Wednesday, 10 August 2016

Was Britpop Shit?

Today there is so much stuff in the news about the 20th anniversary of Oasis's gigs at Knebworth, that twenty years from now people will be asking not 'Were you at Knebworth?' but 'Where were you when you found out it was the twentieth anniversary of Knebworth?'. I was there. On the second night, so 20 years tomorrow, which means my 'Christ, I'm old' hasn't kicked in yet. Being there on the second night meant that I missed out on seeing The Prodigy and The Chemical Brothers but did get to see the 7,378th most memorable band of the 90s Dreadzone.

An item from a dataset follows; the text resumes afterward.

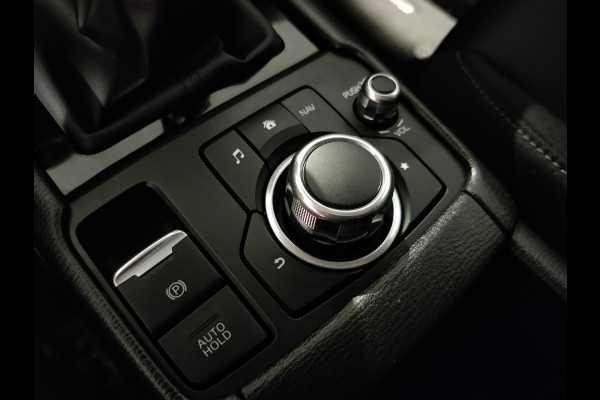 Mazda CX-3 2.0 SkyActiv-G 120 Sport Selected | NAVIGATIE | 18" LICHTMETALEN VELGEN |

Here's what I remember about Knebworth. Me and my friend took a coach there which took a couple of hours, arrived at about midday and immediately found a spot where we stood for the next eleven hours. I am almost certain that I did not have a piss for the entire day. As someone who now urinates twice in an episode of Gogglebox, I can confirm that if I miss one thing about the 90s it is my bladder. I wish I'd got more done really. If I'd had known just how much of future decades were to be taken up by bodily functions, I might have written a couple of symphonies.

Was Britpop shit? Does anyone listen to Britpop anymore? I mean, does anyone ever stick on a Longpigs album? I fully signed up to Britpop. I bought the NME every week, I listened to Steve Lamaq, I bought that 7inch single which was just a recording of an argument between the Gallagher brothers, in the Blur vs Oasis singles battle I sat on the fence and bought one of each. Britpop just happened to coincide roughly with my pubescent need for a culture to join in with.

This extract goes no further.